THEATRE REVIEW: THE HEIDI CHRONICLES (2016)
Written by Wendy Wasserstein
A Soulpepper Theatre Production
Originally published in NOW Magazine on April 28, 2016 (Link)
It’s been nearly 30 years since The Heidi Chronicles won the Pulitzer Prize for drama, but it’s far from old news. Thanks to Soulpepper’s perceptive and nuanced take on its conflicting notions of womanhood, the play is still clever, funny and unmistakably relevant.
Heidi Holland (Michelle Monteith) marches to the beat of her own drum. The play charts her decades-long journey from 60s high school student to accomplished academic while navigating watershed developments in feminism. She’s politically engaged but never quite gels with the movement-at-large, so she’s often left wondering where she belongs.
It’s a messy journey that Wendy Wasserstein’s sensitive script explores without prejudice. In the end, Heidi’s own liberation means freeing herself and her choices from the interpretation of others, whether friends, lovers or her feminist sisters.

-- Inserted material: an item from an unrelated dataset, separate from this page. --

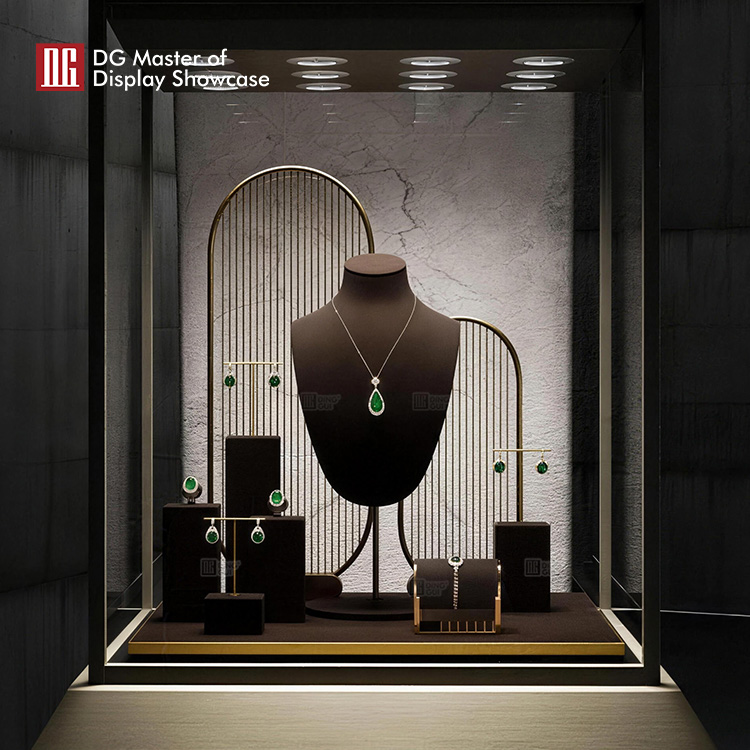 Custom Black Gold Jewelry Display Stand Prop - view 2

The play doesn’t always know how to handle a main character who stays on the fringes. Monteith’s Heidi has real breadth and shows both tenderness and vitality but is periodically overshadowed by more clearly crafted characters. Despite being in almost every scene, Heidi can feel more like a foil for those around her than a protagonist.
Fortunately, Gregory Prest’s direction feels considered and cohesive, and the excellent ensemble cast is well worth watching.

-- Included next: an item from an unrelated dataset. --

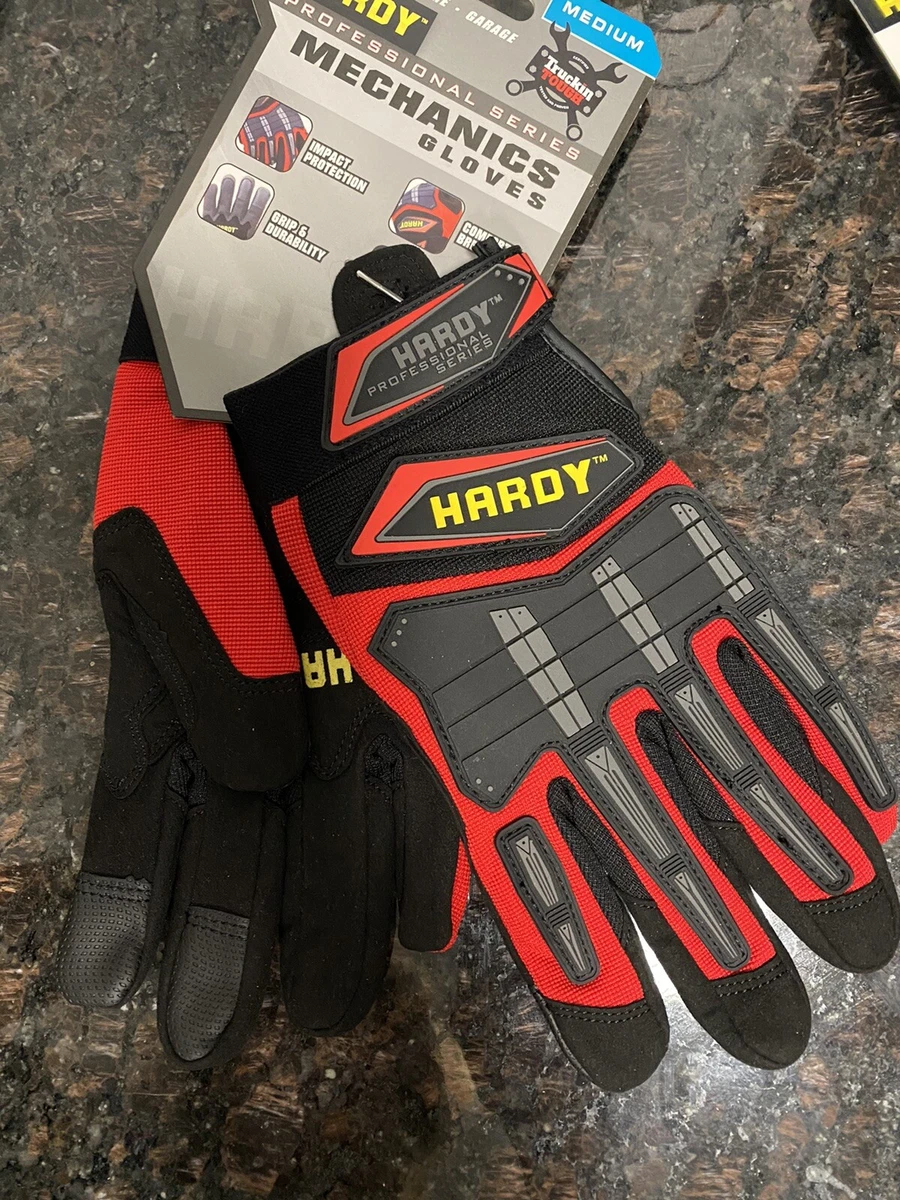 HARDY Men Gloves Professional Series Black/Red Mechanic Gloves Size Medium  M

Sarah Wilson shows great comic chops as Heidi’s best friend, and Laura Condlln gets maximum effect from several smaller roles without making them caricatures. Damien Atkins is superb as Peter, a gay man whose unique kinship with Heidi transcends their difference of experience.
Jordan Pettle stands out as Heidi’s egocentric love interest, Scoop Rosenbaum. He spends a lifetime getting under Heidi’s skin, but Pettle’s charisma and petulant charm show us why she returns to him again and again and how he becomes such an important catalyst for her own growth.
The power of this kind of period piece derives from its ability to show us how far we’ve come while simultaneously revealing what has yet to change. There’s no doubt we’re still struggling with equal and equitable liberation from classism, sexism, racism and the like. Though it’s not always on point, The Heidi Chronicles is an important reminder that these stories are a long way from being history.